Pictures with short captions:

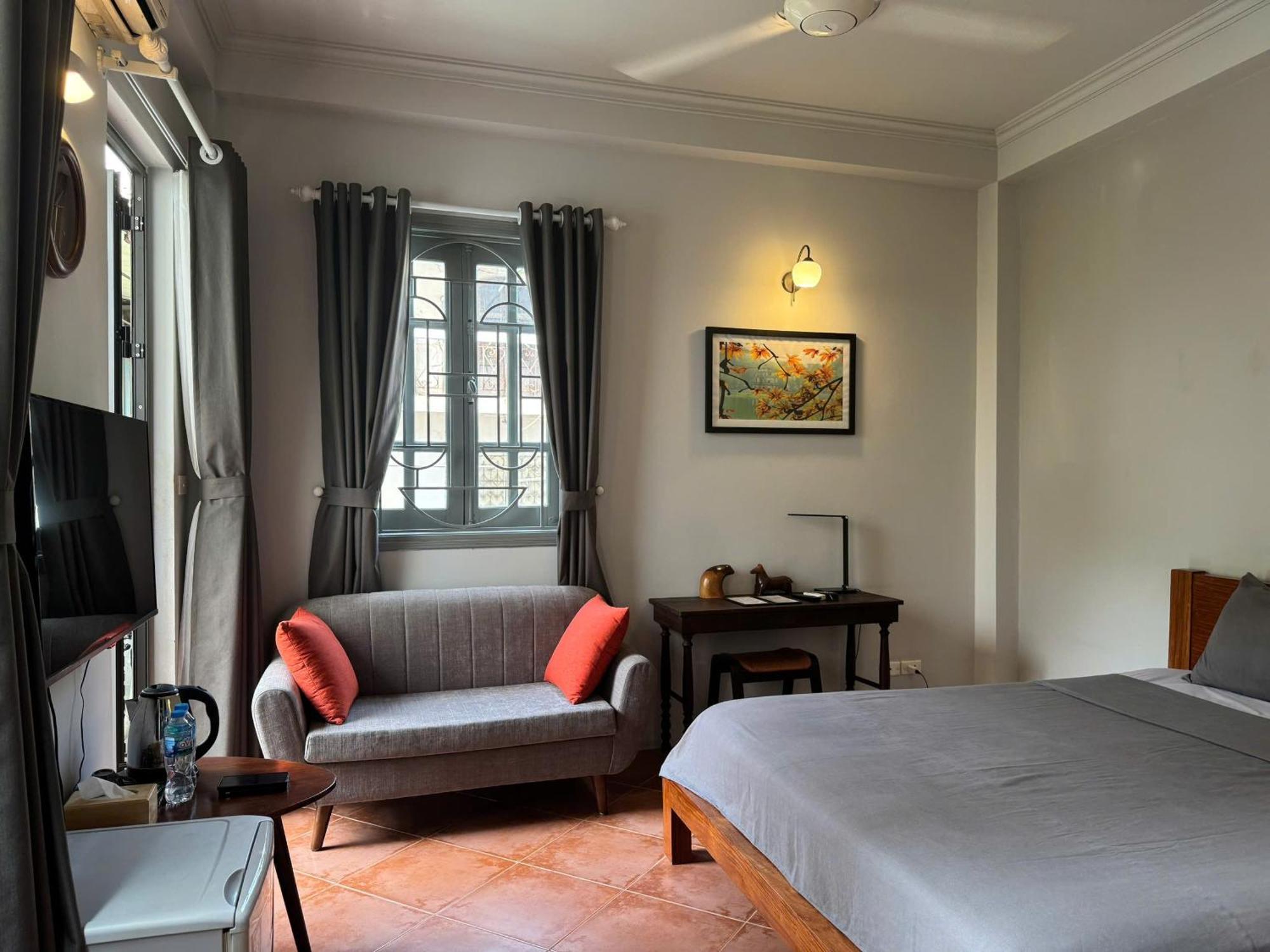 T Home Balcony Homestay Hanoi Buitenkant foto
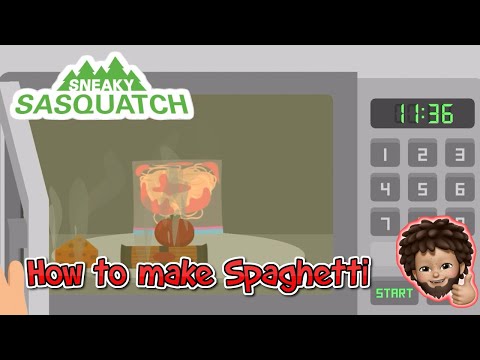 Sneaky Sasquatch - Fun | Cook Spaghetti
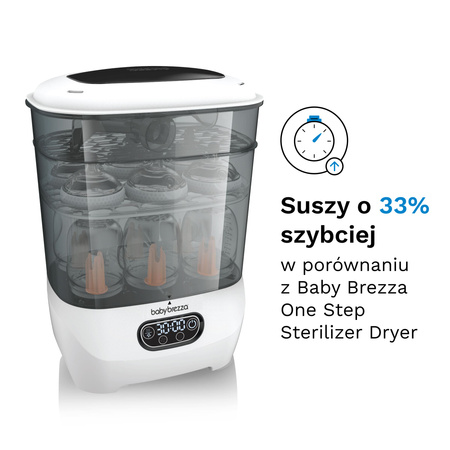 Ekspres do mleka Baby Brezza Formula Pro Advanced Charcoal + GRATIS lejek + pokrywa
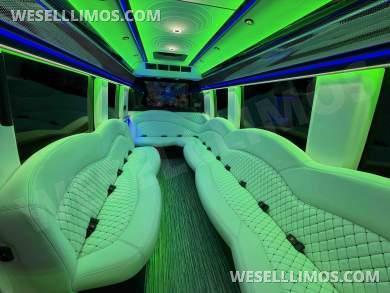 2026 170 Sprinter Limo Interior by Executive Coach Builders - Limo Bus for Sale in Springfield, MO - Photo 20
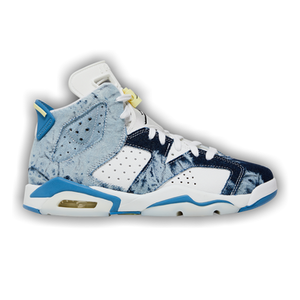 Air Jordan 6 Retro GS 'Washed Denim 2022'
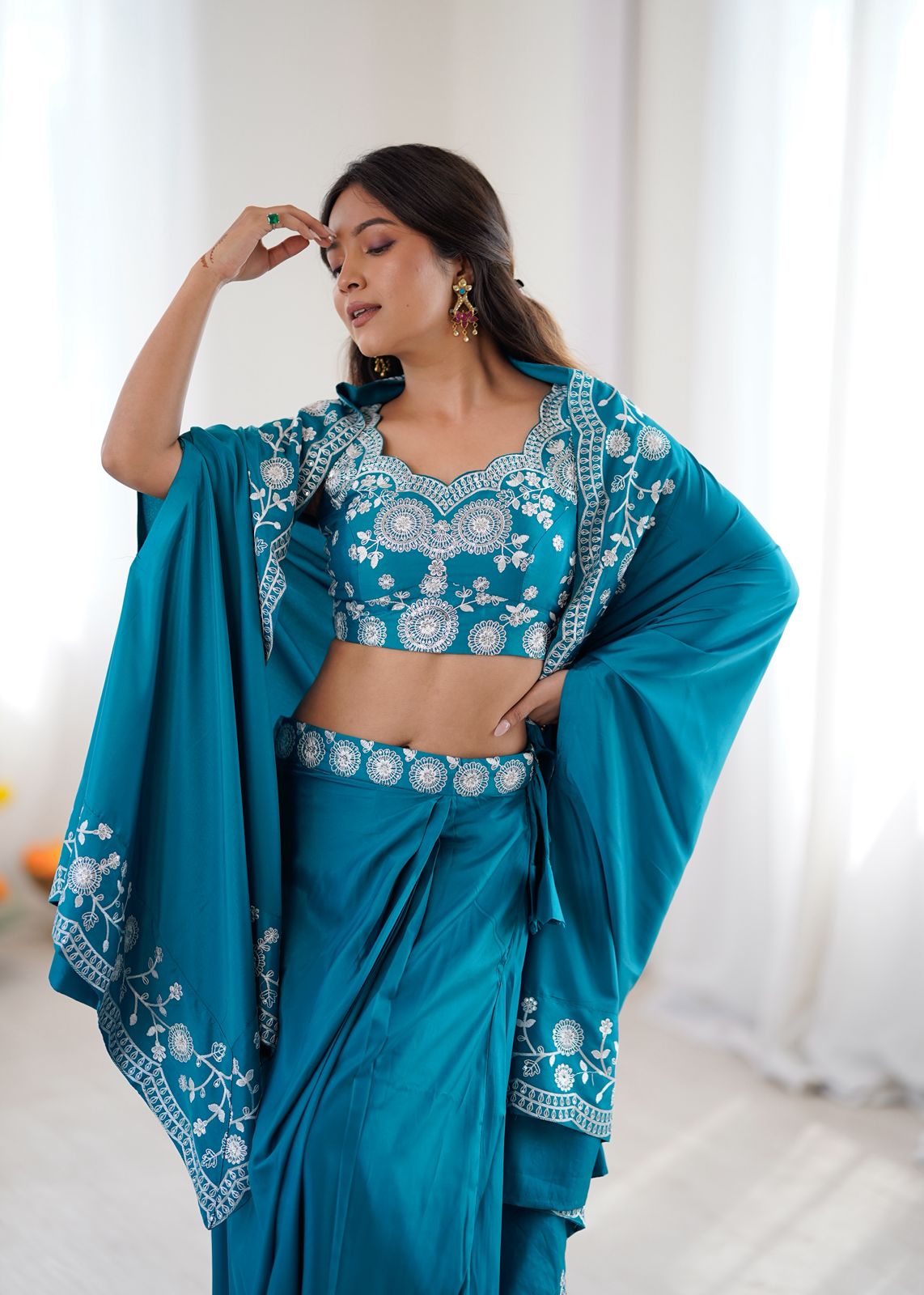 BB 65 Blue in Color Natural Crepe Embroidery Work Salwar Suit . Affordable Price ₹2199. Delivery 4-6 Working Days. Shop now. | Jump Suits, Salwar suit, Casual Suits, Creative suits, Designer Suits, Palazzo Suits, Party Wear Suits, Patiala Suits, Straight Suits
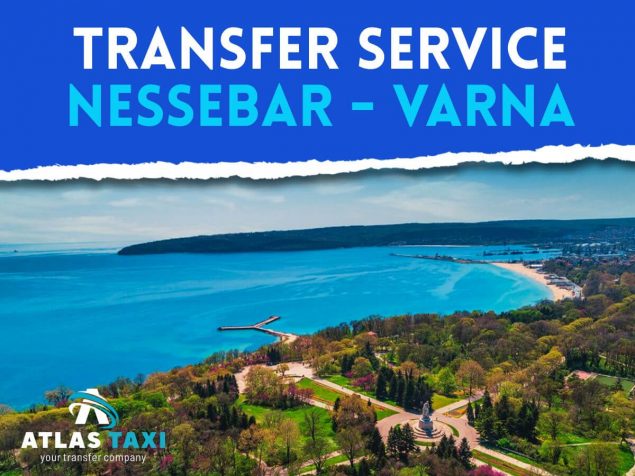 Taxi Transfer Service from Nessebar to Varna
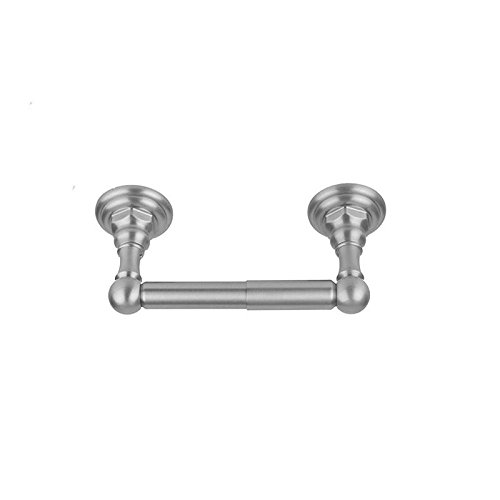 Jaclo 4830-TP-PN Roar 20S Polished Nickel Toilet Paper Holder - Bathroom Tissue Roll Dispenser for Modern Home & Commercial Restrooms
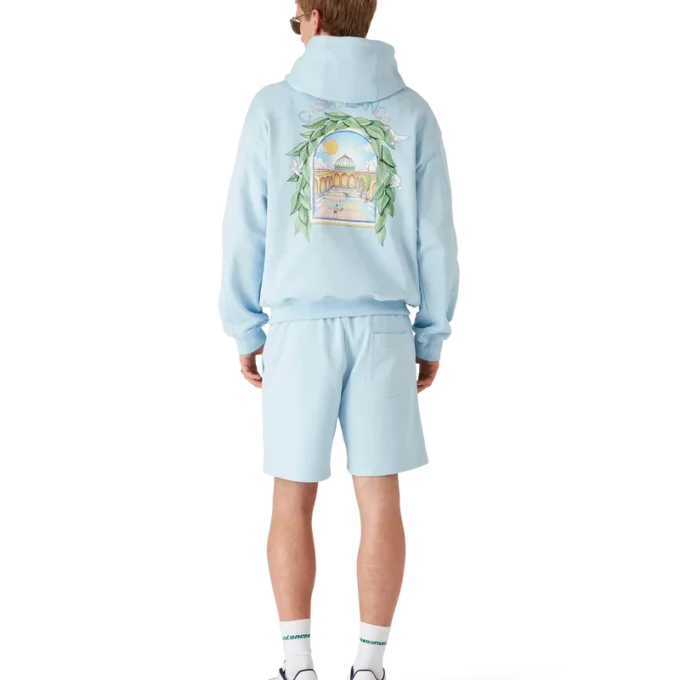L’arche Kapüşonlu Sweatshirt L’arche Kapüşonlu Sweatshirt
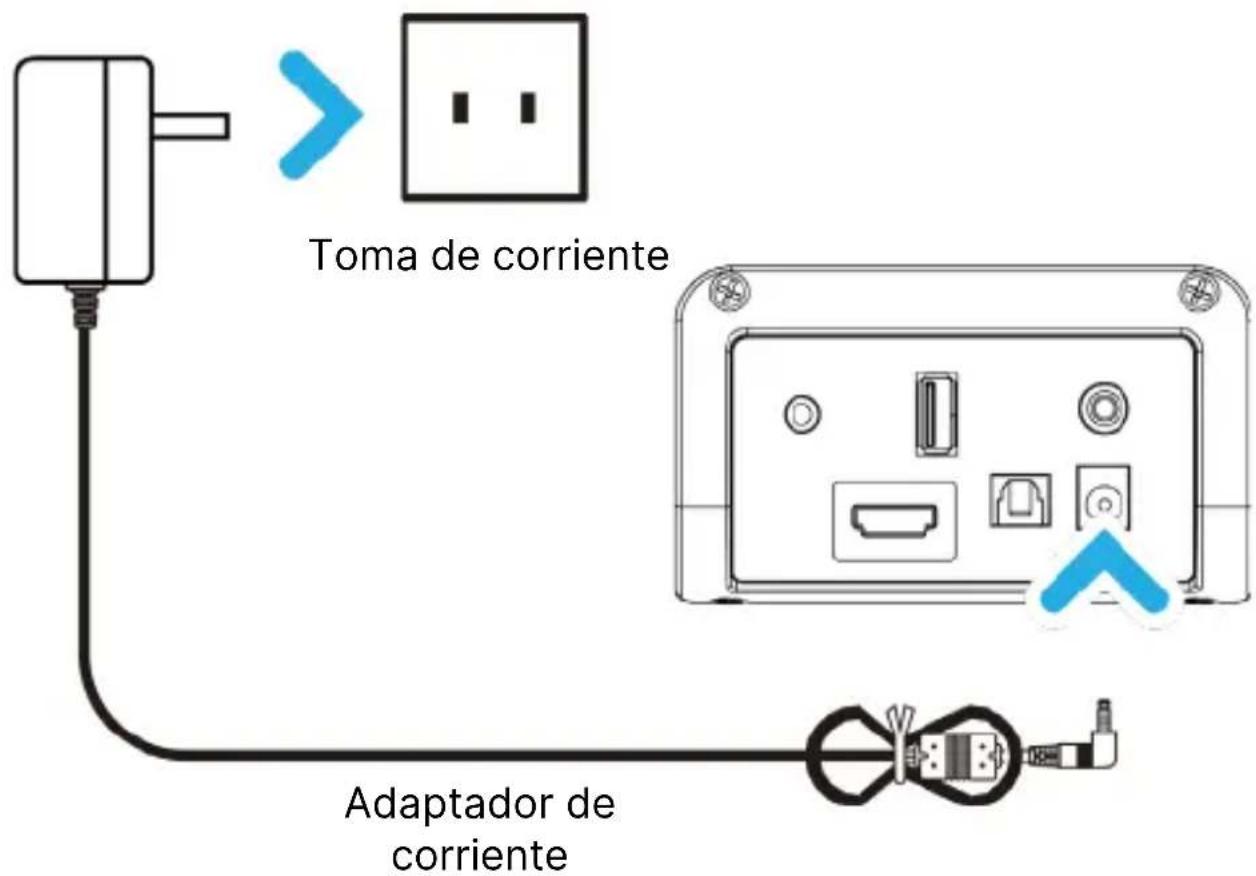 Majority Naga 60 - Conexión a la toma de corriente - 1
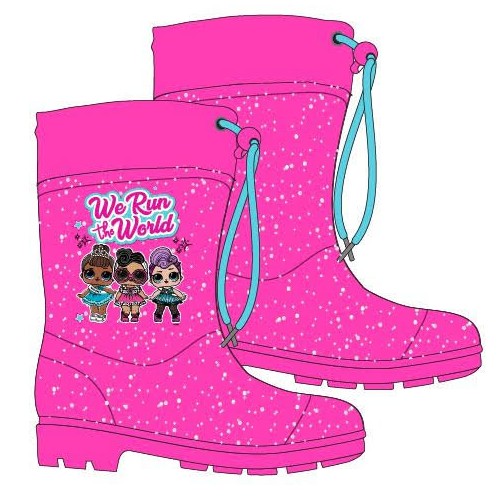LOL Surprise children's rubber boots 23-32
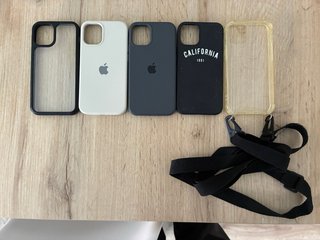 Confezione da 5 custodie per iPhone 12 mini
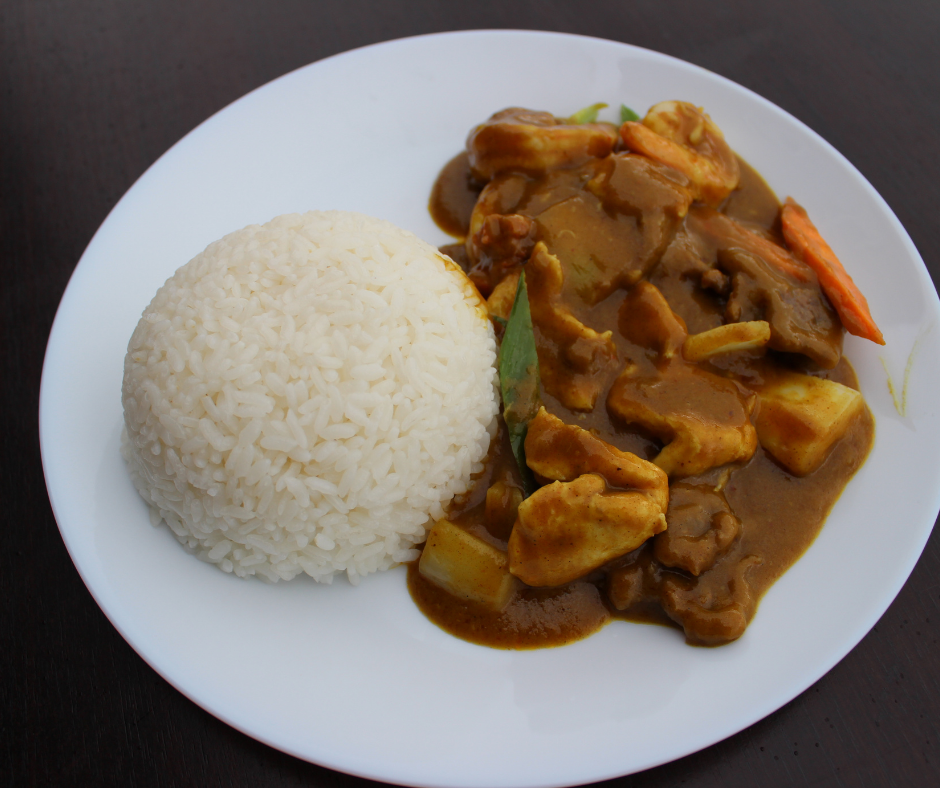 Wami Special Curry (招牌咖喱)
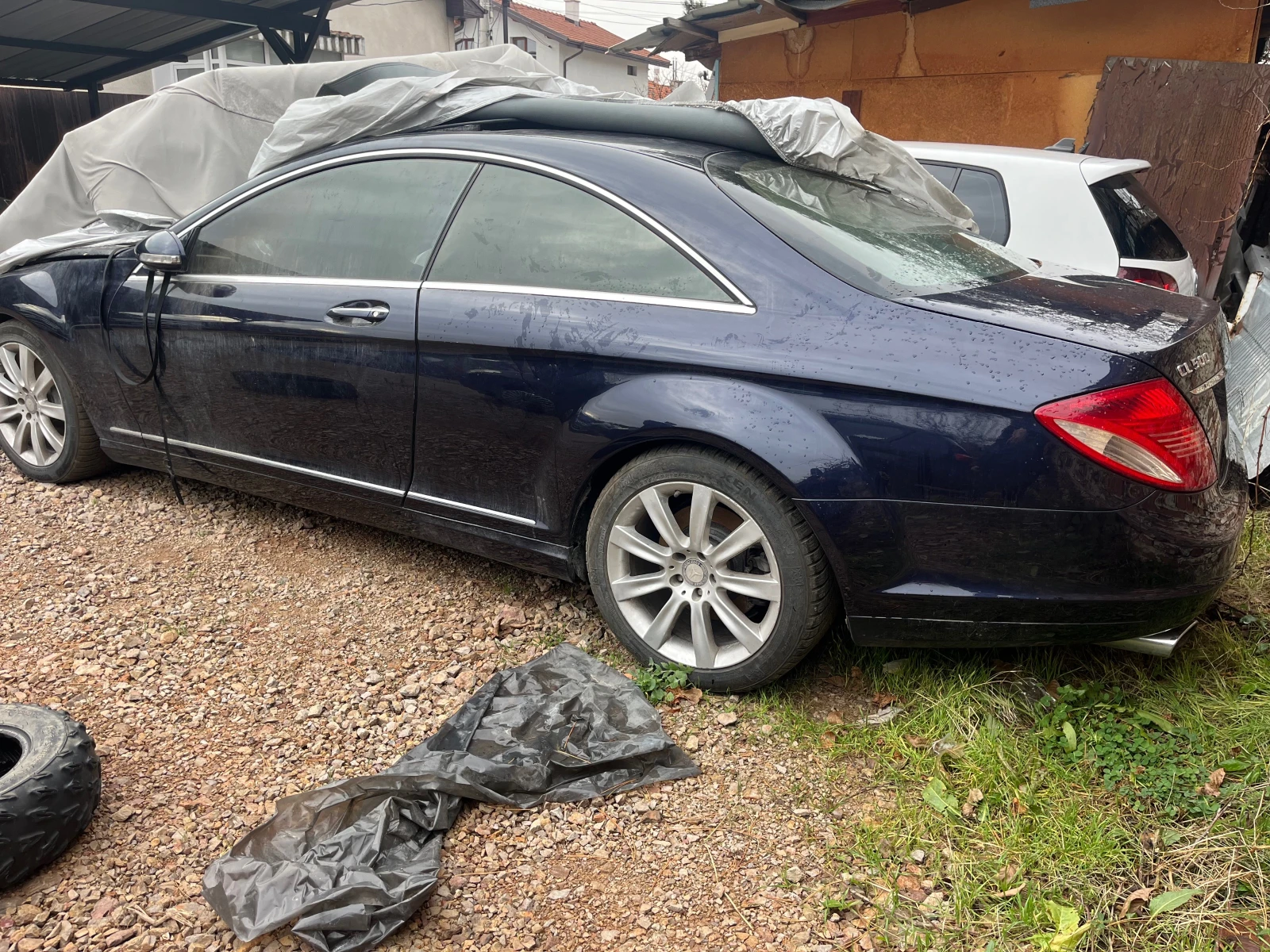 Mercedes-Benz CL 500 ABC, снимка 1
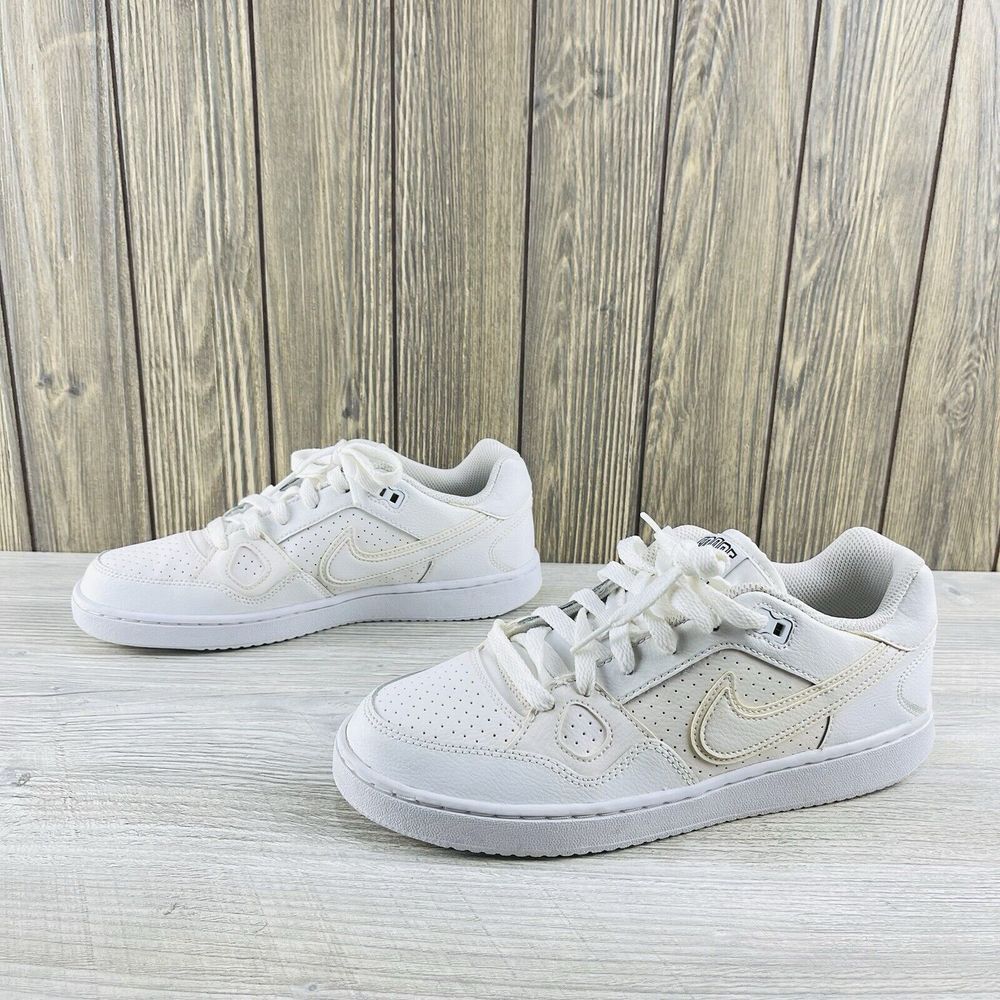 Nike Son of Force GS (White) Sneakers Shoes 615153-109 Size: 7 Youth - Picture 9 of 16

▸ **WHAT THIS TASK INVOLVES**:
Your copy should consist solely of the lines from the line containing "L’arche Kapüşonlu Sweatshirt L’arche" through the last line of the records above, reproduced exactly, with the pictures left out.

▸ **COMPLETED TASK**:
L’arche Kapüşonlu Sweatshirt L’arche Kapüşonlu Sweatshirt
 Majority Naga 60 - Conexión a la toma de corriente - 1
LOL Surprise children's rubber boots 23-32
 Confezione da 5 custodie per iPhone 12 mini
 Wami Special Curry (招牌咖喱)
 Mercedes-Benz CL 500 ABC, снимка 1
 Nike Son of Force GS (White) Sneakers Shoes 615153-109 Size: 7 Youth - Picture 9 of 16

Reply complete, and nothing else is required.